Luke Foxe, North-West Fox, 1635
Note how, while Foxe describes a number of other provisions, he foregrounds beef, beer and bread and his cooks are “the Baker, Brewer, Butcher, and other” – clearly the three Bs are considered the essentials. However, those travelling on other ships, perhaps those without master bakers on board, would have to make do with the slightly less appealing beef, biscuit and beer, which is mentioned in a few texts including Richard Hakluyt’s The principal nauigations, voyages, traffiques and discoueries of the English nation made by sea or ouer-land (1599-1600).
The earliest example of the phrase I have found (and of course please note that this is by no means an exhaustive study, just a brief lurk around EEBO on a wintery Friday afternoon!) comes from Holinshed’s Chronicle (first published in 1577):
for they were woont to haue banketing at euerie station, a thing commonlie practised by the religious in old time, wherewith to linke in the commons vnto them, whom anie man may lead whither he will by the bellie, or as Latimer said, with beefe, bread and beere
As you can see, that this clearly points to an earlier usage, but I’m really not sure who the Latimer in question is. I thought it might be Hugh Latimer, but a cursory EEBO search of his works turned up nothing that looks remotely like the phrase.
So, it seems like beef, when accompanied by bread and beer, was the food of the traveling worker – a hospitable welcome for those touring about great houses with their employers and a staple on the high seas for the adventuring seafarer. Beer was a very common drink in early modern England, it was drunk by all at any hour of the day, with breakfast, lunch and dinner.

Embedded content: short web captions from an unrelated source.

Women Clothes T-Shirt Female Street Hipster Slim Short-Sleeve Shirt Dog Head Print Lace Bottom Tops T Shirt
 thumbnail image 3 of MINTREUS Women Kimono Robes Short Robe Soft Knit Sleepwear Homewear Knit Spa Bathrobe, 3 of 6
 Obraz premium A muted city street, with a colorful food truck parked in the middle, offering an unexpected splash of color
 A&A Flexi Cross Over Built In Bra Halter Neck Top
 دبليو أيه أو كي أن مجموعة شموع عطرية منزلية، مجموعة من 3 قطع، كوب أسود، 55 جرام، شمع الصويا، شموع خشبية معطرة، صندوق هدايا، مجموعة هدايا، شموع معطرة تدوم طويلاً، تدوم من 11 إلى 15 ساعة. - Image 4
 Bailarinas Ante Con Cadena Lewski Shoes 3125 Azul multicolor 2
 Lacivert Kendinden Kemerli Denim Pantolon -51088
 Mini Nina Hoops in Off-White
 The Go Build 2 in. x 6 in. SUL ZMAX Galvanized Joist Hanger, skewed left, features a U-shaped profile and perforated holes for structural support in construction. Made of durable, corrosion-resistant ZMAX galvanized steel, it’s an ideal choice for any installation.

Servants and other workers were often provided with beer as part of their payment, particularly in country houses which often had their own breweries. If beer was a part of everyday life, then I suppose this little phrase suggests that beef and bread were too. It seems to me that “beef, bread and beer” is the early modern equivalent of the 20th century’s “meat and two veg”, representing a balanced meal in the eyes of the consumers of the time. In fact, the combination is still alive and well today as a trip down to your local chain pub will no doubt attest – I refer to the ubiquitous “burger and a pint” deals that can be found on many a high street!
I’m currently trawling through the early modern cookbooks for a good beef recipe to try out soon, I will keep you posted and hopefully have a follow up post within a week or two. After that, I think it will be time to get Christmassy.